An overnight index swap (OIS) is an over-the-counter* derivative in which two parties agree to exchange, or swap, for an agreed period, a fixed interest rate determined at the time of the trade for a floating rate** that will vary over time.
Market participants predominantly use the OIS market for hedging activities, which are often related to risk management. Specifically, participants can use the OIS to hedge either their funding costs or their exposure to short-term interest rate movements.
The OIS market can also be used to alter the term structure of a portfolio or for taking a speculative position on the future path of the Bank of Canada’s target overnight rate. (Overnight index swaps provide a gauge of what the overnight rate is expected to average over a given period.)

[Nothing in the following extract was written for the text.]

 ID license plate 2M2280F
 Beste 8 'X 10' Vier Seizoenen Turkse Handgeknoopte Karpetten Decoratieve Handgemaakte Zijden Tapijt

Related to the speculative and hedging functions of the OIS, the fixed-rate portion is also used by some market participants to derive market expectations of the Bank’s future policy rate changes. If the duration of the swap extends over a Bank of Canadainterest rate meeting, for example, the difference between the fixed rate and the current overnight rate can be used to calculate the market expectations of a future change in policy rates.
The OIS has several advantages over other money market instruments in calculating expectations. Unlike other financial instruments, it is directly linked to the Canadian overnight rate. Furthermore, given that they are derivatives instruments, the supply of OIS contracts is not fixed. Supply factors can occasionally influence the pricing of other instruments, such as bankers’ acceptances (BAs).
The use of the OIS market to gauge expectations also presents some challenges. At times there is a lack of price information or market depth in the OIS market, particularly in farther-dated contracts. Moreover, if the CORRA rate were expected to deviate from the overnight target, gauging expectations of future interest rates would become more difficult.